**TASK INSTRUCTIONS:**
Every line in the records below with the string "Maison" needs to be copied out.

**Brief descriptive captions:**
-=-=-
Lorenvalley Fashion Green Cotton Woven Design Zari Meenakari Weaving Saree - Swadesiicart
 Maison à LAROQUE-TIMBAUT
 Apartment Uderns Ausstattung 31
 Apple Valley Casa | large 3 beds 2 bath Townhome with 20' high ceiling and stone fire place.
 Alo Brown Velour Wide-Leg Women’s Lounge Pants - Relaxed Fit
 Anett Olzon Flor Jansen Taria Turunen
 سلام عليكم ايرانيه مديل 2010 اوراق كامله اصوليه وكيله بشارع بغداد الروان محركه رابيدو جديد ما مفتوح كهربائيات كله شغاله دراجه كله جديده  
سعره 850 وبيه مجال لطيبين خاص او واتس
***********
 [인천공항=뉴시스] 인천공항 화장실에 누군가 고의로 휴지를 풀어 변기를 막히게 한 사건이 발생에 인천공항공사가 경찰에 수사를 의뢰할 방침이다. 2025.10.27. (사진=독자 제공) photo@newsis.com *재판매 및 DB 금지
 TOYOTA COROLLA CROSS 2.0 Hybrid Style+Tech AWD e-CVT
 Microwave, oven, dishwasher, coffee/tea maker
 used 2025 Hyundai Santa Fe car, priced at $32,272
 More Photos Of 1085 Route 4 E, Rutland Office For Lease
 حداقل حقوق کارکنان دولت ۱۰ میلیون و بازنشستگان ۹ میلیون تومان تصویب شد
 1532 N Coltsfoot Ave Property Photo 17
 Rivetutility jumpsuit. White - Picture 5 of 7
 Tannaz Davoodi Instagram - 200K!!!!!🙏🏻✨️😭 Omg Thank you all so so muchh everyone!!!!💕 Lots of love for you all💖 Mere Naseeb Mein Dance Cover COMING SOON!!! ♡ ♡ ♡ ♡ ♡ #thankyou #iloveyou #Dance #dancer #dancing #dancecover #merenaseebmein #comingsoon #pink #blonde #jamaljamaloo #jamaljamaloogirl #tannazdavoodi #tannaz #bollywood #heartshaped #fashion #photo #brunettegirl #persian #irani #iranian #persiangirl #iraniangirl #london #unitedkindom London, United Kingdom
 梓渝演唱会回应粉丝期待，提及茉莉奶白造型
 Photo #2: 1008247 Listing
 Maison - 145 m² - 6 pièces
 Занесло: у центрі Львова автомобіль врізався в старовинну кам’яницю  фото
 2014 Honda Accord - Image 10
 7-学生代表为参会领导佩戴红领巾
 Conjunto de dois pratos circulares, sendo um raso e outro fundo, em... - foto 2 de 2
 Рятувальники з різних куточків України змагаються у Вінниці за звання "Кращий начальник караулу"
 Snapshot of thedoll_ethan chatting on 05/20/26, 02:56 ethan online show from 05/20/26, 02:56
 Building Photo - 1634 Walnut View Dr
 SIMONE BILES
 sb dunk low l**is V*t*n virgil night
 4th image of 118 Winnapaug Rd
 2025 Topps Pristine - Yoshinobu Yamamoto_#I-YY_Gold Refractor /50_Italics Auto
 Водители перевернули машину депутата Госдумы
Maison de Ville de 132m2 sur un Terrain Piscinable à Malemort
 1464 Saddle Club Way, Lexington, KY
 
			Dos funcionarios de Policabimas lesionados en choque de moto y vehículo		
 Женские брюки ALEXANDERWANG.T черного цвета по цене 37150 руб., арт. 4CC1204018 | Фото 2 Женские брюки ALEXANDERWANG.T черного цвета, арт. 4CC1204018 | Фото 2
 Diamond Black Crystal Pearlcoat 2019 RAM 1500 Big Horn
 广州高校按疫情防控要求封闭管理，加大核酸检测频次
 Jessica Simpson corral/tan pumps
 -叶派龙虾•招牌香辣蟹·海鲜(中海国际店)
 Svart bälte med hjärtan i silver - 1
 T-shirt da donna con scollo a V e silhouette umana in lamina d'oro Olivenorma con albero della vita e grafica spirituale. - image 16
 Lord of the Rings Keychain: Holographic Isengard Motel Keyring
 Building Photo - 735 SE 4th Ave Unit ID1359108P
-=-=-
**RESPONSE TO THE EXERCISE:**
 Maison à LAROQUE-TIMBAUT
 Maison - 145 m² - 6 pièces
Maison de Ville de 132m2 sur un Terrain Piscinable à Malemort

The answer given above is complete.